We noticed that when a yarn job fails and the aggregation option is enabled, we can’t find the containers’ logs (about this failed job), in the usual folder into HDFS (/app-logs/…). We can see all logs about the jobs finished with success, but nothing about those failed (we have a Log Aggregation Retention set to 7 days and we have had this problem 2 days ago...).
We’re wondering if maybe could be a bug in the aggregation process, but we would like have further information about this issue from Hortonworks Support/someone from the community, in order to confirm that or have another explanation…
The ownership and permissions are correct in the /app-logs/... default folder, because we can see all logs about the jobs finished with success.
Any tips about this problem?
Many thanks in advance for the kind cooperation.
it is possible that the job had failed before log could be created. Navigate to Resource Manager UI and look for the failed job.
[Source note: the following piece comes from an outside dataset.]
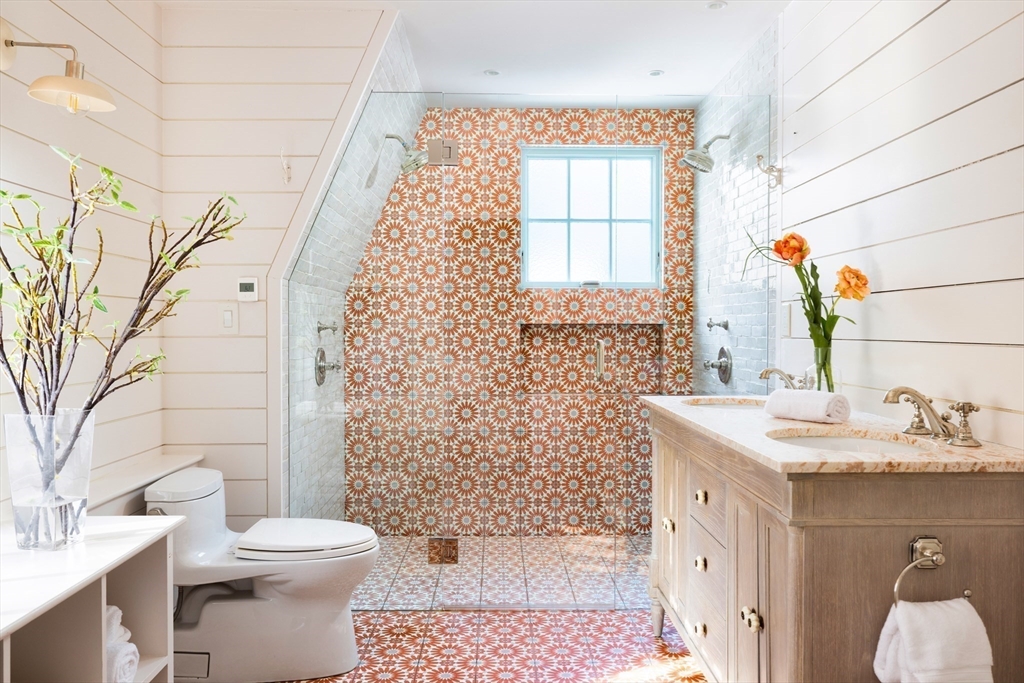 323 Clark Road Brookline, MA 02445 - Photo 13 of 22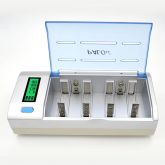 Multi Uso Display LCD 4 Slots Carregador de Bateria Para NI-MH NI-CD AA/AAA/SC/C/D/9 V EUA Plug UE C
Once you click on your application ID, it will show the status of log aggregation and possible failure reason. you can also open AM log from here.
Hi @Pranay Vyas,
If I navigate to Resource Manager UI or AM log, I can't see any logs, because the logs shown in those sections are taken from the container's logs on the server where the nodemanager (which managed this job) is active through the aggregator service... So, if for any reason, that container's logs for this failed job was not created, is normal that I can't see nothing in the sections mentioned earlier...
At this point, the main question is: Why a failed jobs no log anything into his container and not even in the resource manager logs on the master server, this failed job logs anything about the root cause of the problem??? Maybe we have a "bug" in this flow?
Many thanks for your time and availability.